Why on earth is the runaway groom reading The Velveteen Rabbit in Up in the Air? “Very powerful,” George Clooney comments sardonically, paying little attention to the picture book that is evidently proving supremely comforting to the fellow whose impending wedding has just provoked a mortality crisis. As the groom points out, once you get married, you also have kids and then they grow up—and you die.
Why The Velveteen Rabbit? Margery Williams used the subtitle: How Toys Become Real for the book that she published in 1922. And that’s what Up in the Air is all about: becoming real. Ryan Bingham, the slick corporate undertaker who crisscrosses the country collecting frequent flier miles and firing employees, discovers just what it means to become real. A man who is most at ease when packing his suitcase and figuring out how to game long security lines, Clooney is presented as a man of machine-like precision and perfection who is missing a soul. He could have saved himself a lot of trouble by taking a closer look at the book in the hands of the man who will become his brother-in-law.
I hardly remember The Velveteen Rabbit from my own childhood, but remember reading it to my daughter so well. I loved that it conveyed that the worn, torn “ugly” surface of those we love to death are badges of love, even honor.
I should see this movie.
By the way, our new online fairy tale magazine, EnchantedConversation.org is up. We’d love to have you take a look!
I ran into The Velveteen Rabbit in a completely new context recently: my big sister’s wedding. One of the readings was that lovely moment in which the Skin Horse tells the Rabbit about becoming Real. It had everyone in tears, including some of our stuffier relatives who’d said beforehand that they thought it had no place in the ceremony. It’s a lovely book; I need to revisit it! And, clearly, to see Up in the Air.
“What is REAL?” asked the Rabbit one day, when they were lying side by side near the nursery fender, before Nana came to tidy the room. “Does it mean having things that buzz inside you and a stick-out handle?”
“Real isn’t how you are made,” said the Skin Horse. “It’s a thing that happens to you. When a child loves you for a long, long time, not just to play with, but REALLY loves you, then you become Real.”
“Does it hurt?” asked the Rabbit.
“Sometimes,” said the Skin Horse, for he was always truthful. “When you are Real you don’t mind being hurt.”
“Does it happen all at once, like being wound up,” he asked, “or bit by bit?”
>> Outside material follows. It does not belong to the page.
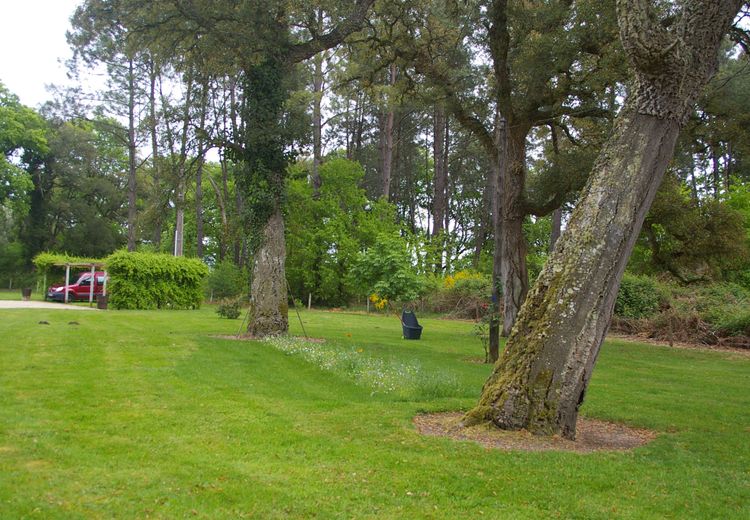 Pictures of Gérard B.'s house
“It doesn’t happen all at once,” said the Skin Horse. “You become. It takes a long time. That’s why it doesn’t happen often to people who break easily, or have sharp edges, or who have to be carefully kept. Generally, by the time you are Real, most of your hair has been loved off, and your eyes drop out and you get loose in the joints and very shabby. But these things don’t matter at all, because once you are Real you can’t be ugly, except to people who don’t understand.”